You know… funny, I always really liked Thor in concept in the 90s when I was collecting, and I had a fair amount of Thor my collection, but didn’t really read it a lot. I don’t know if I was like waiting to get a run or if I just couldn’t decide to commit the time to it?
I’m not sure what my deal was, but I’ve actually now spent the time to read him in modern-day and I really enjoy Thor. I think he has a well-developed rogues’ gallery and supporting cast, where he can do that Asgardian stuff, he can do cosmic stuff, he sometimes has some conflict on earth. Jason Aaron is writing him spectacularly now.
So Thor is kind of like one of the heroes that I first expanded my [modern] collection [to include] – after I really had my X-Men stuff down. I think I went X-Men and then Fantastic Four and then Thor. Previously there wasn’t a ton of Thor collected and so it’s really cool now to see it get such coverage. I mean, they are really zooming through the series. I have [counting] one two three four five six seven Thor Epics already, this is is eight, and I think there’s only gonna be a total of… we’re almost halfway.
Speaking of Epics, here’s another one. Something I never in my life thought would get collected.
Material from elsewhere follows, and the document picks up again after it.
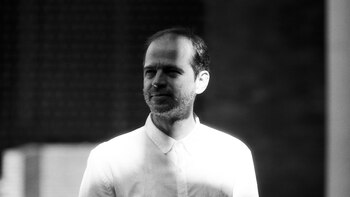 Moreno Veloso publicó "Mundo paralelo",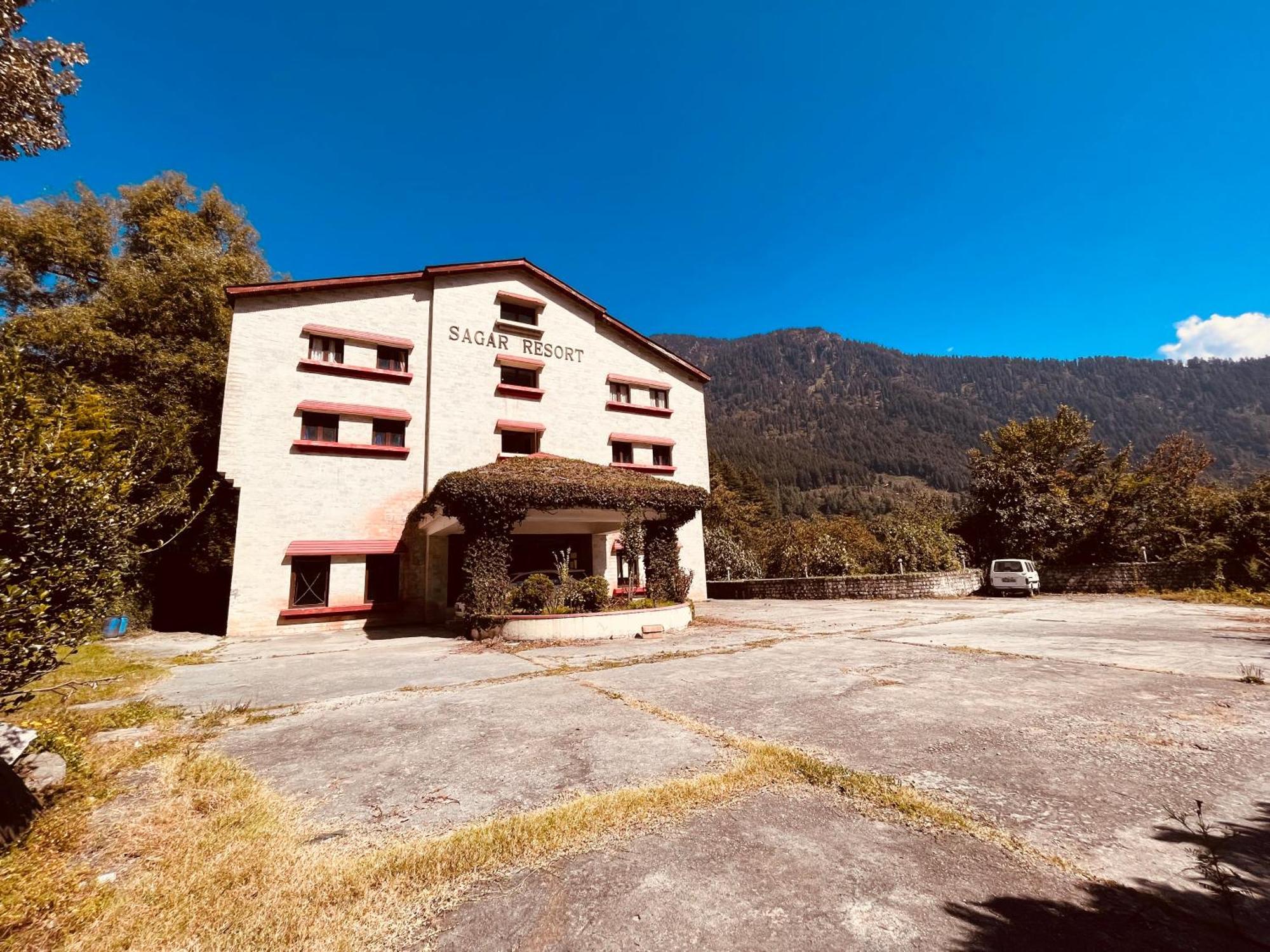 Sagar Resort !! Mountain View ! Luxury Stay ! Family Resort ! Private Parking ! Near Mall Road Manāli Εξωτερικό φωτογραφία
This is Doctor Strange Epic Collection 13. This is probably the last Doctor Strange Epic Collection. I mean, I guess they could probably go forward from this, but the next chronological Doctor Strange material is Flight of Bones, which they’ve already collected into a non-Epic Collection, and this is the very end of his 1990(ish?) series.
It collects #76-90, which has some… I want to say Warren Ellis on writing? [checking] Yeah, in addition to Kurt Busiek and some other folks that you might not know. This is something that I banked the floppies, actually, because I was like, “There’s no way Marvel’s ever ever ever going to put this in a collection!” Yet, here it is.
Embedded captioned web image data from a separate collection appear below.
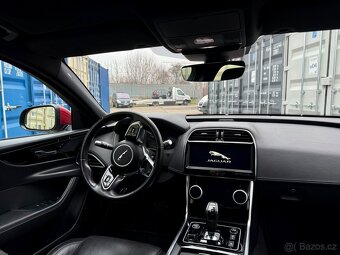 Jaguar XE 2.0D 180HP Black Edition - ODPOČET DPH - 3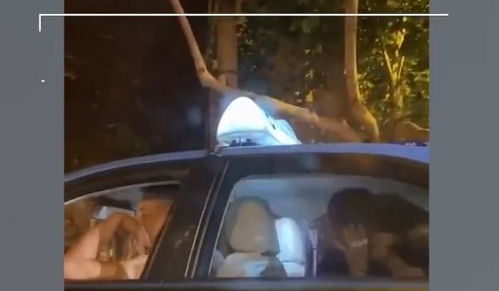 河南一辆出租车停在十字路口,后排几名美丽的乘客在车里疯狂地摇(河南出租车发票)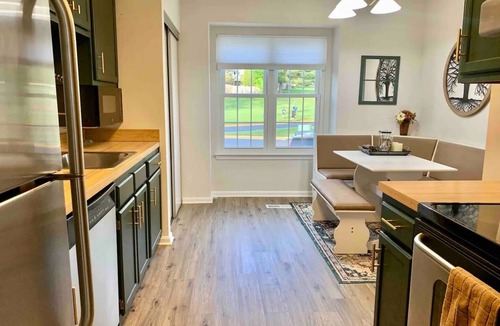 Montgomery Village House | Contemporary 3BR: Large Patio, TVs in Every Room. Heart of Montgomery Village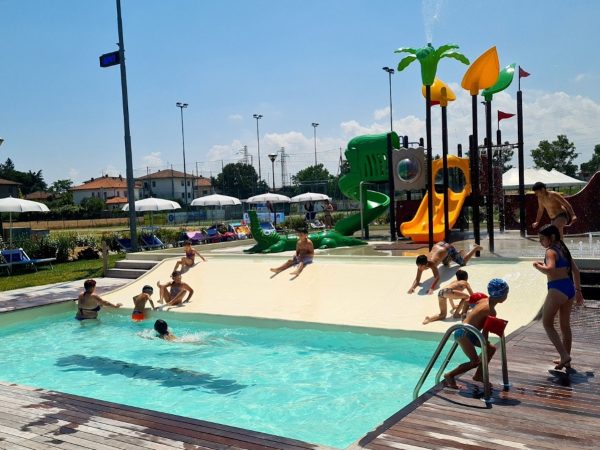 area giochi aperta piscina gatteo f6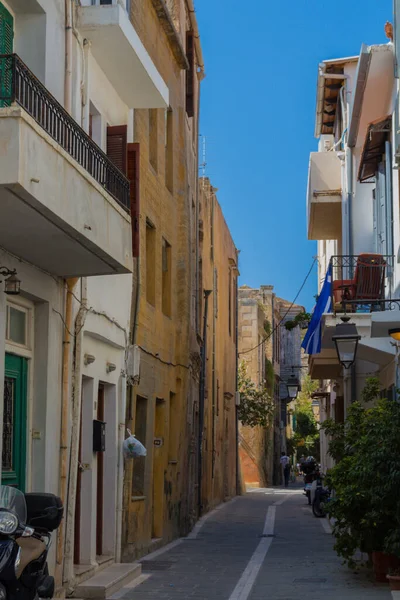 Rethymno Grécia Agosto 2016 Narrow Venetian Street Old Town Cidade — Fotografia de Stock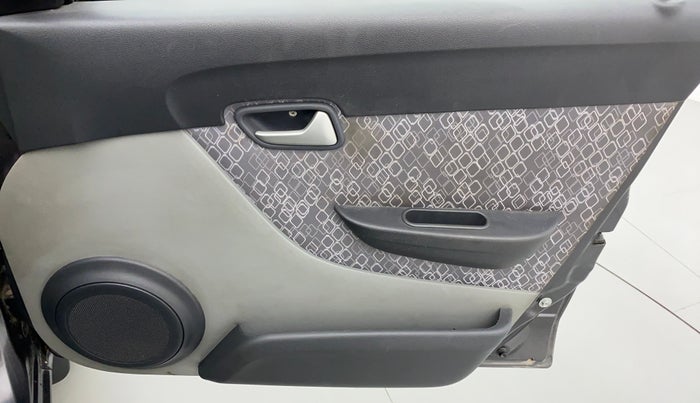 2016 Maruti Alto 800 VXI, Petrol, Manual, 35,325 km, Driver Side Door Panels Control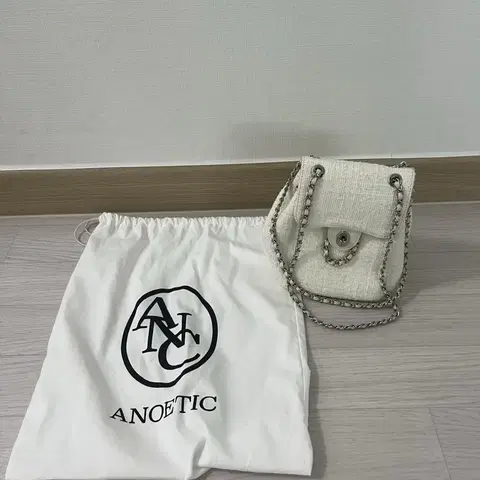 아노에틱 트위드 백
That’s the beauty of the Epic Collections. They are indiscriminate about the material that they’re gathering. It’s coming from somewhere and they’re gonna cover it whether it’s the top seller or not, because the whole point is the Epics are going to collect everything.
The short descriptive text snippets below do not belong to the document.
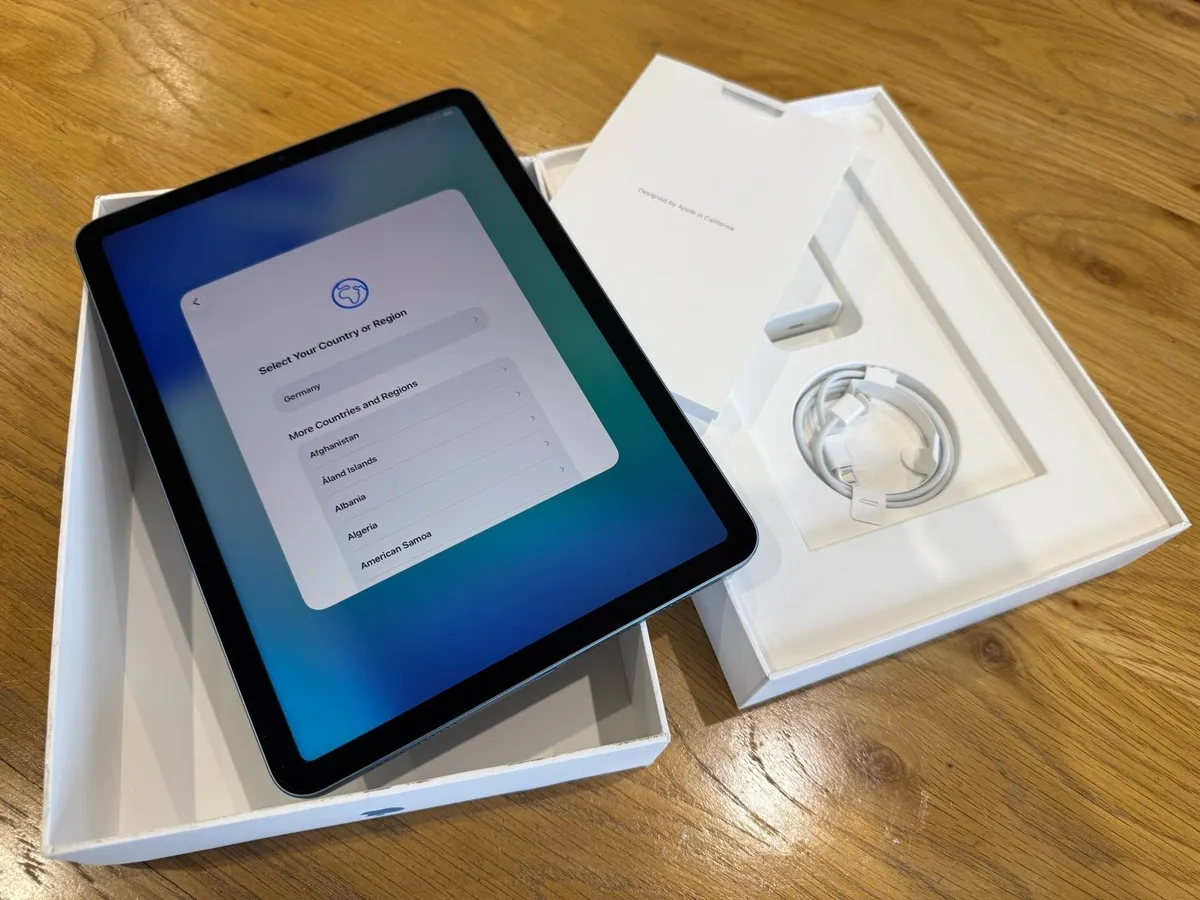 iPad Air 11” - Image 2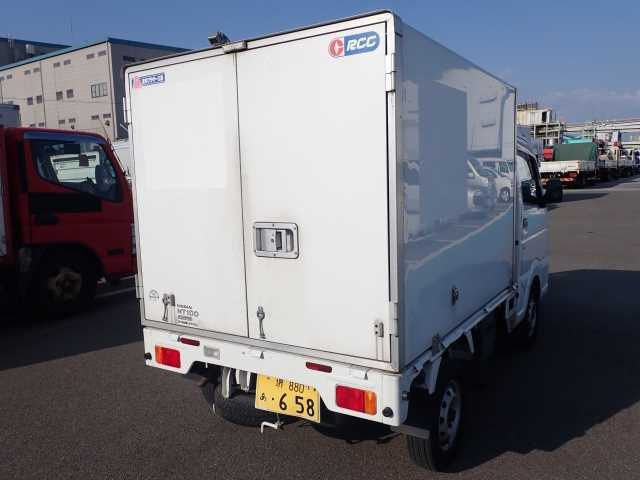 NISSAN CLIPPER TRUCK 2016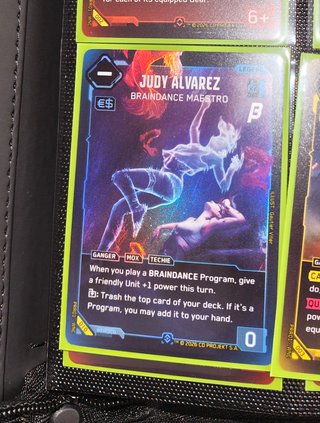 Cyberpunk TCG Judy Alvarez Carta Legendaria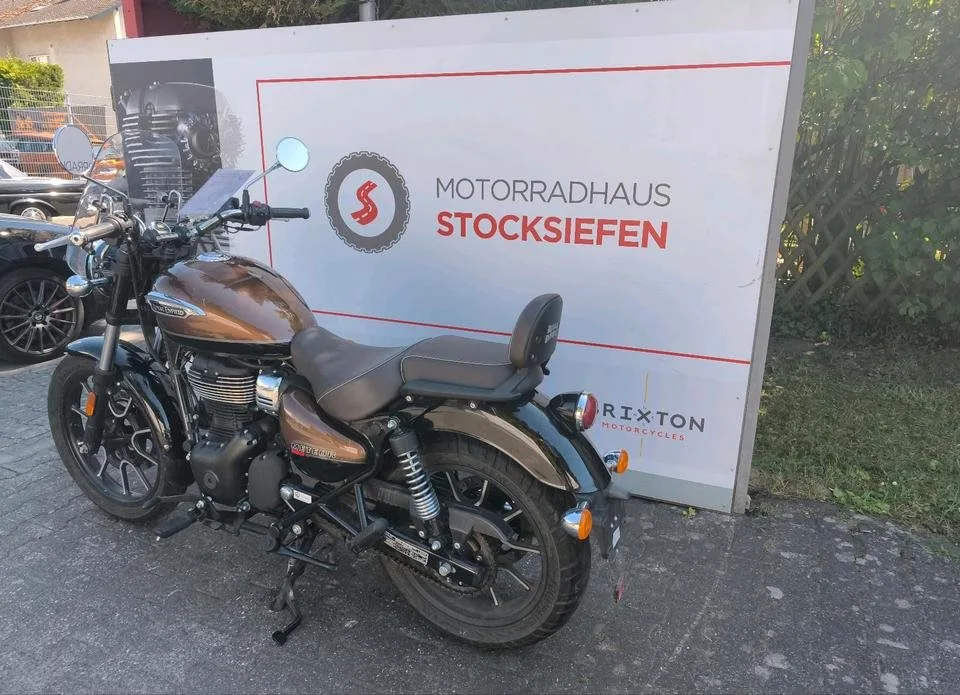 Royal Enfield Meteor 350 Supernova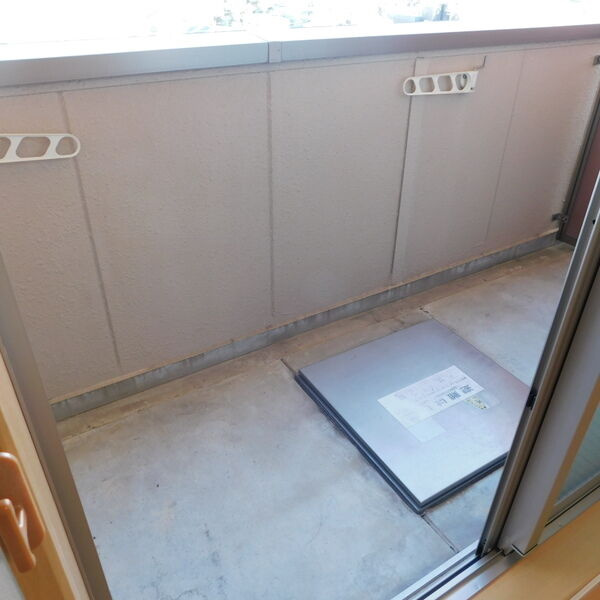 ノーブルコート　名古屋市賃貸　仲介手数料無料のバルコニー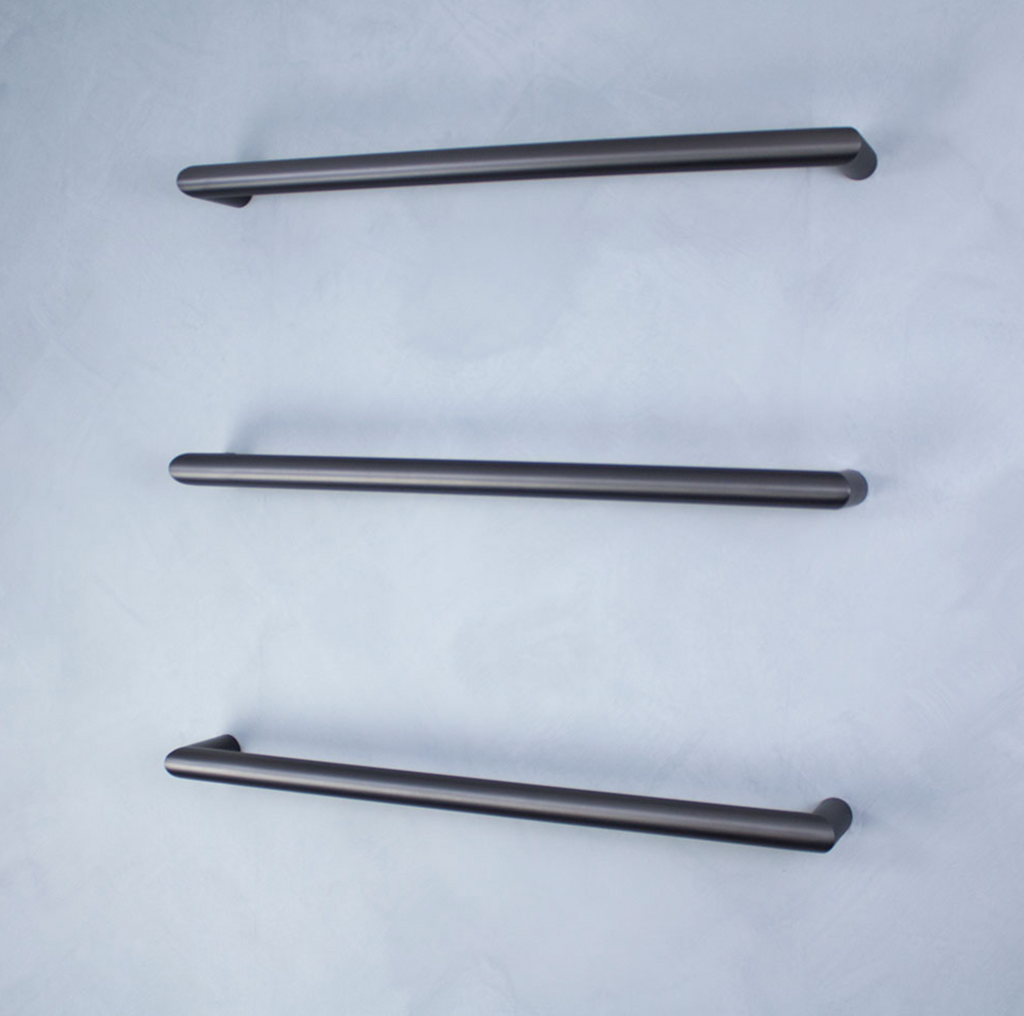 Radiant Heating Single Round Bar 12V Heated Towel Rail Gunmetal Grey 650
It makes me really excited, because now I guess they can sell my floppies (although the floppy market in New Zealand may be non-existent, I don’t know yet).
And, finally, this [showing book[ finishes out the Master of Kung Fu omnibuses! It’s volume 4 of Shang-Chi, collecting #102-125 plus (as everybody hoped that it would) it keeps going from there to collect Shang-Chi back-ups in Marvel Comics Presents from 1988 #1-8 and a one-shot called Master of Kung Fu: Bleeding Black. That’s really exciting!
It covers all of the Doug Moench stuff that ends the series and pretty much takes this character all the way through… gosh, almost the whole nineties? He did not guest appear a lot. You could check that out in my Shang-Chi guide.
So now I’ve got them all, and I finally have… that other one got shelved? Oh, there it is. Now I’ve got them all! We can go right to a ceremonial shoving for this, and once I unpack my other ones I can finally do my read. That is really
exciting.
That’s my InStockTrades order of the second or third of October. So, took… ah, not quite two months to get here. It seems like five or six weeks as a standard. They go on a ship. That’s not too surprising. But, so happy to unwrap these books.
Probably the one that I’m the most excited to read from [this batch] is probably Shutter. I’m probably gonna take the whole pile of Shutter trades upstairs and just read through the entire series, because that is really exciting stuff.
Thanks so much for tuning in to this very rare unboxing interview. Interview? I’m interviewing the books, the camera is interviewing me. It would be fun, actually, if you interviewed me and asked me questions. That’s something to think of for the future.